### WHAT THIS TASK INVOLVES
Could you copy word for word only the lines between the one containing "ALLI FABRIC 3" and the end of the listing below, both included, and leave out the pictures?

== == ==

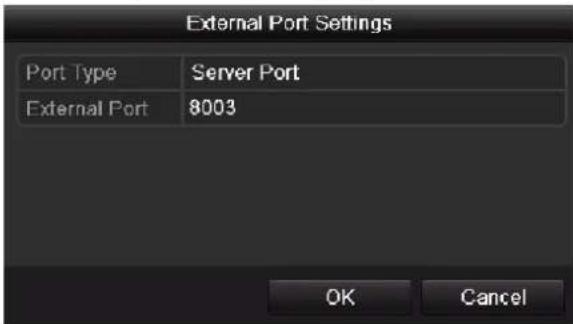 External Port Settings Port Type Server Port External Port 8003 OK Cancel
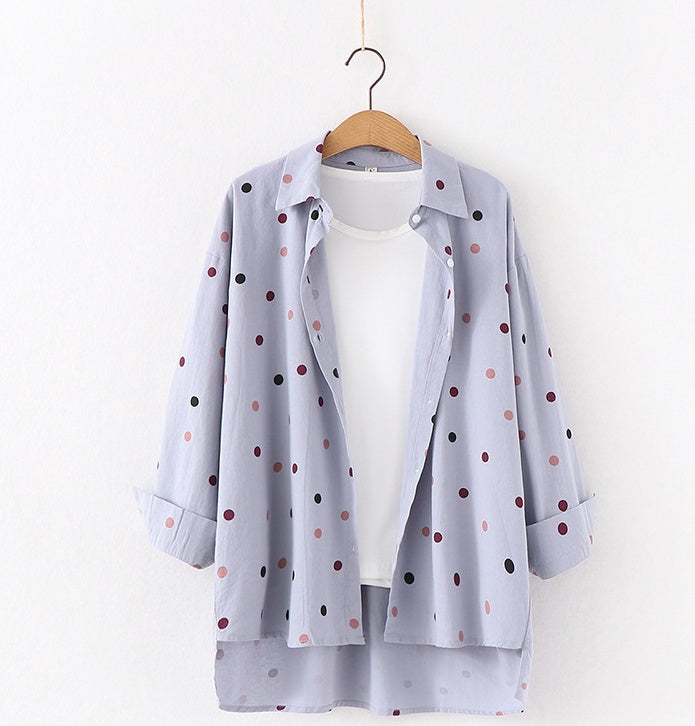 Women Polka Dot Print Blouse Shirts Blue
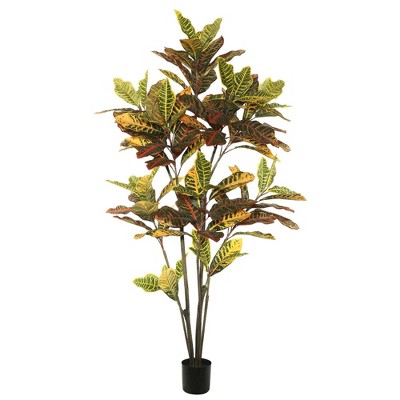 5' Artificial Potted Cronton Tree Orange - Vickerman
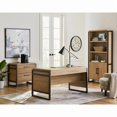 thumbnail image 4 of Modern Wood  Laminate Bookcase With Doors Fully Assembled Light Brown, 4 of 9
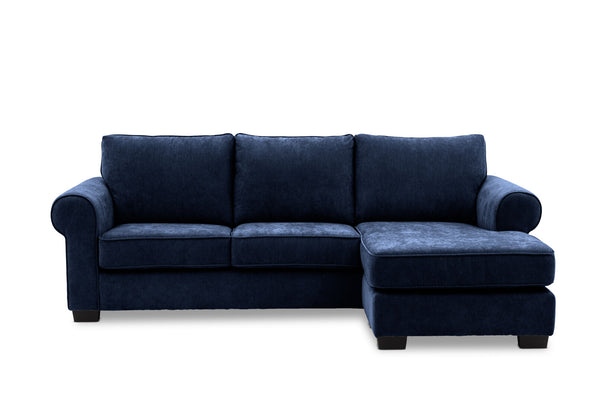 ALLI FABRIC 3 SEATER SOFA WITH REVERSIBLE CHAISE NAVY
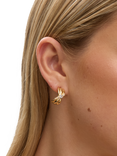 Jon Richard Crystal Half Hoop Earrings, Gold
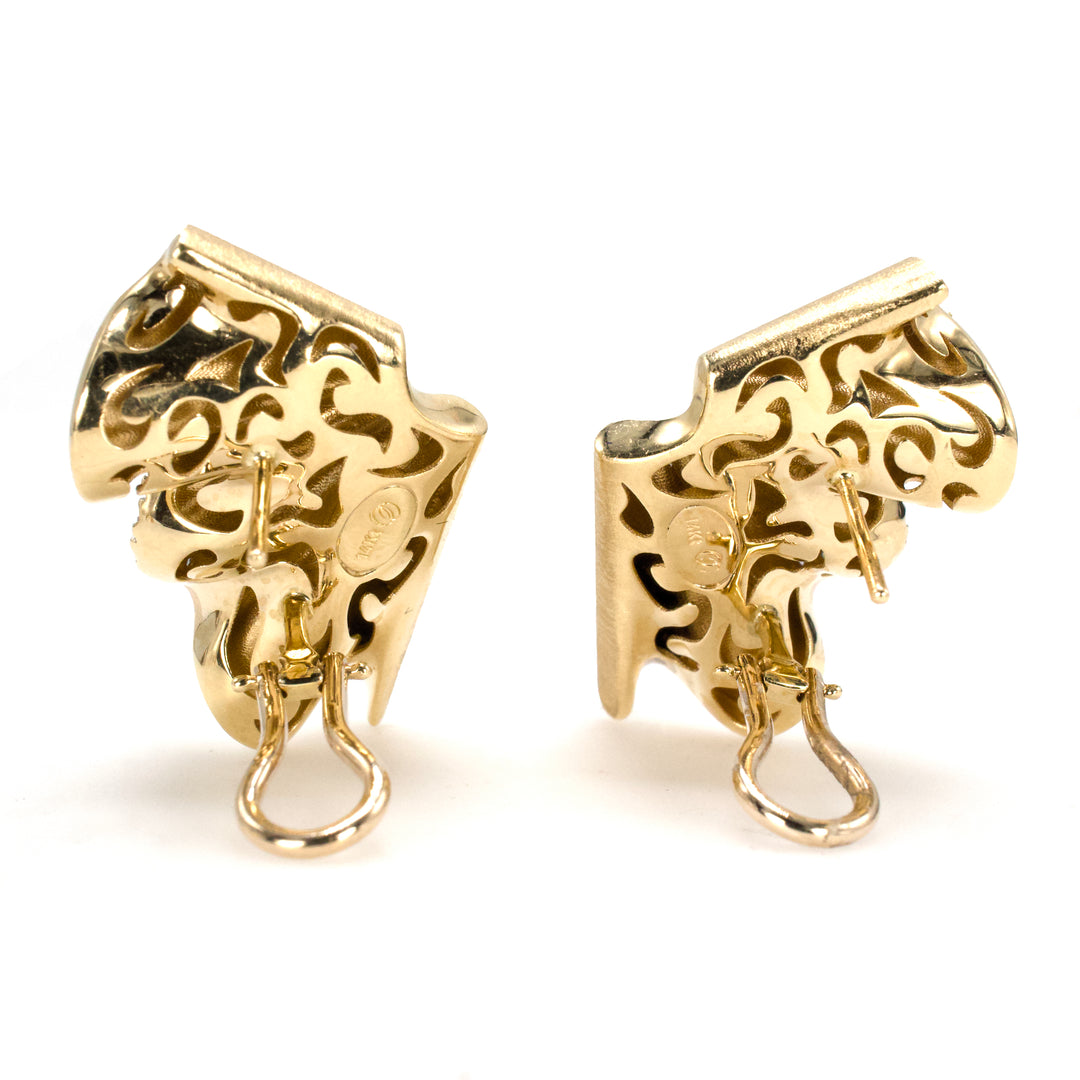 Italian Folded Fan Style 14K Gold Omega Back Earrings with Diamond Trim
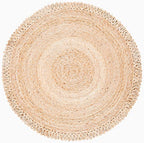 SAFAVIEH Natural Fiber Round Collection 3' Round Natural NF168A Handmade Boho Charm Farmhouse Jute Area Rug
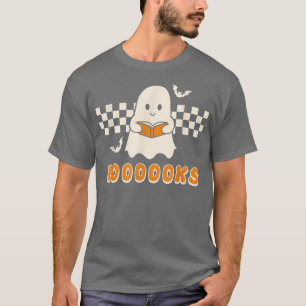 Halloween Boooks Cute Ghost Boo Reading Bokar Adu T Shirt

== == ==

### SOLUTION TO THIS EXERCISE
 ALLI FABRIC 3 SEATER SOFA WITH REVERSIBLE CHAISE NAVY
 Jon Richard Crystal Half Hoop Earrings, Gold
 Italian Folded Fan Style 14K Gold Omega Back Earrings with Diamond Trim
 SAFAVIEH Natural Fiber Round Collection 3' Round Natural NF168A Handmade Boho Charm Farmhouse Jute Area Rug
 Halloween Boooks Cute Ghost Boo Reading Bokar Adu T Shirt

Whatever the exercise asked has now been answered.